Ferries Scotland: Inside Glen Sannox as hugely-delayed CalMac ferry nears completion at Ferguson Marine
It has smoke coming from its funnels, glass in its windows and electronic navigation screens operating on its bridge.
Our exclusive first pictures from on board the hugely-delayed ferry Glen Sannox show work entering its final phases as the troubled CalMac vessel nears completion at the Ferguson Marine shipyard in Port Glasgow, five years late.
Far from the largely-empty hull launched prematurely onto the Clyde with painted-on windows six years ago, the ship is now coming alive, its engines running, interiors being fitted out and systems checked over by certification firm Lloyd's.
"We're in really good shape,” said yard chief executive David Tydeman, sufficiently pleased with progress to invite The Scotsman to tour the vessel – and that he would hit the latest completion date this autumn after it was repeatedly put back.
He said: "I've been put on the spot before and I said I was confident previously, but this time I really do feel we're on track. We've made great progress over the last six months with getting the major systems, and ironing out the surprises we have continued to find over the last couple of years."

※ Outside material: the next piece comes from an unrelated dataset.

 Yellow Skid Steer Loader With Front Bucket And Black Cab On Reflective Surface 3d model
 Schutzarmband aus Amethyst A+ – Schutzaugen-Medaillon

The ferry is scheduled to undergo sea trials from August to October then handed over to CalMac, which is due to conduct its own trials for two months before deploying the vessel on the main Arran route between Ardrossan and Brodick.
Mr Tydeman said the ship was more than 80 per cent complete, with only "minor" surprises still being found, adding: "The opportunity for major surprises is reducing all the time.”
He’s referring to the consequences of actions by former owner Jim McColl, which significantly increased the cost and length of the project prior to the yard going into administration and being nationalised by the Scottish Government in 2019.
Mr Tydeman said: "It's like they laid the carpet before they put the concrete screed down, or they put the kitchen cupboards on the wall before they plastered the wall. There were lots of things done out of sequence like that that we've had to do twice or three times."
However, he is keen to change the narrative from the prolonged focus on delays and cost overruns to Glen Sannox, or hull 801, and its sister vessel, the still unnamed hull 802, which will be the second biggest ships in the CalMac fleet after Loch Seaforth on its Ullapool-Stornoway route.
Mr Tydeman said: "These are going to be great ships. There has been so much negative press over the years, but we've rather lost sight of what a wonderful specification they have – 1,000 passengers, major car decks, catering, luxurious lounges for passengers, reclining seats in the observation lounge. It's going to be a great experience."
The fit-out is starting to make Glen Sannox’s interior recognisable as a ferry, although flooring and other features remain hidden behind protective panels.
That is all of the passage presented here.